Option Basics: Pricing and “Moneyness”

05/18/2015 7:00 am EST

Focus: OPTIONS

J.W. Jones

Chief Options Strategist, Technical Traders, Ltd.

JW Jones of Option Trading Signals explains the basics of option pricing and the concept of "moneyness."

The peculiar vocabulary and concepts inhabiting an options trader's thoughts are often the source of confusion for visitors in the option world. I have often felt that learning to understand options is a lot like learning a foreign language. When you arrive in the country whose language you seek to learn, you need a functional vocabulary immediately.

In order to be able to understand my world, I thought it would be helpful to discuss a bit of my language since it is helpful to grasp a few basics. I want to touch on some of the basic concepts necessary to form the basis for a functional language we can use to communicate concepts underlying a (hopefully) rational thought process leading to trade design and management.

In rumination to come, we will return to these fundamental concepts and begin to understand their function in the dynamic world of an options trader. The nuances of their specific structures are beyond the scope of this article. We will return to consider these factors in virtually every trade because they re-appear each and every day in my world. For today, just shake their hands and remember their names.

One point not often discussed is the way in which options are priced. The quoted option price is in reality the sum of two separate components. These are referred to as the intrinsic and the extrinsic portions of the premium. I think of these as steak and sizzle, respectively.

This is an important distinction because it is the extrinsic premium which is subject to time decay and change due to variations in implied volatility.

The intrinsic premium is subject to change solely due to changes in the price of the underlying security. There is no sizzle in the intrinsic premium; you can buy the option today, exercise it to buy stock, sell the stock, and pocket the $5. Of course, your trading career will not last long with that sort of trade, but my point is that the intrinsic premium has an easily calculable true value.

The situation with the extrinsic premium is quite different. The value changes not only with time to expiration, but also with the constantly changing implied volatility. It is for this reason that an option trader must be very careful with this extrinsic component.

Depending on the specific option under consideration, extrinsic premium may represent all, a portion of, or a trivial amount of the entirety of the option premium.

Another important concept is that of the "moneyness" of an option. An individual option can be classified in one of three categories of "moneyness:"

  • At the money (ATM)

  • In the money (ITM)

  • Out of the money (OTM)

At-the-money options, by definition, consist of a single option strike price. Both in-the-money and out-of-the-money strikes usually contain several individual strikes within their groups.

Obviously, since the price of the underlying defines the category into which an option is classified, the category into which an individual option fits is fluid and changes dynamically with the price of the underlying asset.

The reason for taking the time to discuss in some detail this classification of "moneyness" is that there are important reliable characteristics of each type of option.

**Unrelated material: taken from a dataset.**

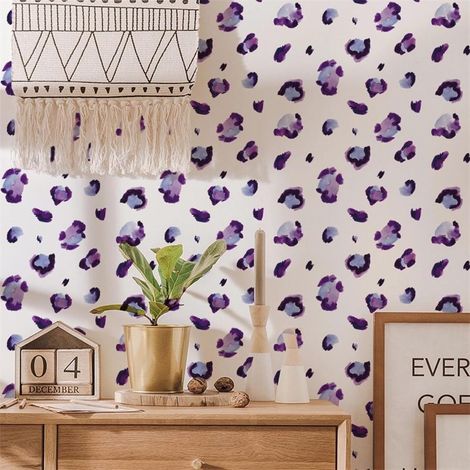 Pegatinas de pared con estampado de leopardo morado, removibles y autoadhesivas (6180 piezas) (1/5)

At-the-money options characteristically contain the absolute greatest dollar amount of extrinsic premium. In-the-money options have the least amount of extrinsic premium. Out-of-the-money options consist entirely of extrinsic premium and therefore only contain sizzle, no steak can be found there.

Because the functional characteristics of these three categories of options differ, it is a basic strategy to combine options of different "moneyness" to achieve trades with the best probability of success and the highest risk/reward scenarios.

For example, buying an in-the-money call and selling an at-the-money call gives birth to a call debit spread, a high-probability trade structure for the trader who is bullish on the underlying asset.

In the future, we will cover the stealth concept of option trading: implied volatility. Failure to understand the impact of this variable is the most common cause of beginning options traders' failure to succeed.